This is really 10 questions.  Rather than one massive reply, I'll bite it off in several.

 

>1. Regarding the “Priority” setting, the documentation states the following ...

>2.  If the traffic assigned to the High queue has reached the available limit ...

>3. I ask the above questions because my guess is that the packets are not treated any differently...

 

Lets say you have 100 packets waiting in the queue to be sent, using all different priorities.

 

The first 4 "high" priority packets are sent.  Then the first "2" normal priority packets are sent.  And finally a single "low" priority packet is sent.  Repeat until the queue is drained.

 

Lets say you go to send 3 high priority packets but there is only 1 waiting.  That 1 packet gets sent and then it moves straight onto sending the next highest priority traffic.

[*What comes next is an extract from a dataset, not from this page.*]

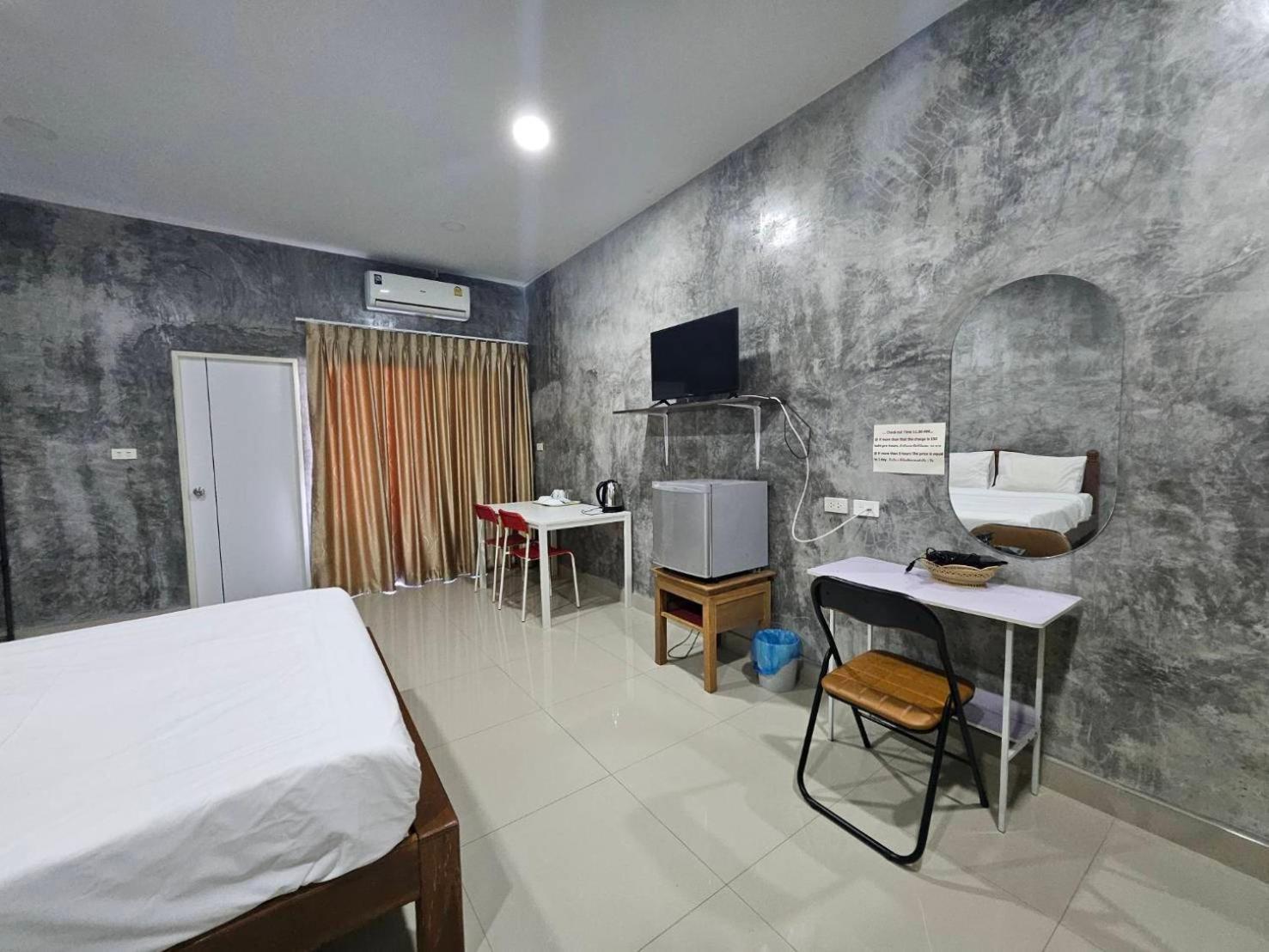 Guesthouse Phuket Airport Ban Bo Han Exterior photo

If there is no high priority traffic then 2 normal priority packets get sent and then 1 low priority packet gets sent.  Effectively normal priority packets not get 2/3 of the link and low priority now gets 1/3.

 

 

There is one special except to all of this.  Packets with a DSCP marking of EF (which is normally only use for VoIP RTP packets) always get sent first in the priority queue.  So if their was 100 EF marked packets in the queue they would all be sent before anything else.

 

Typically packets wont get dumped.  However there is a limited amount of buffering (I don't know that number).  So if you offer 10Mb/s of load to a 1Mb/s circuit (so 10 times as many packets get queued up as what can be sent) then obviously you will eventually exhaust buffering and the excess packets will get dumped.

 

Apart from EF DSCP marked packets, all packets are treated equally.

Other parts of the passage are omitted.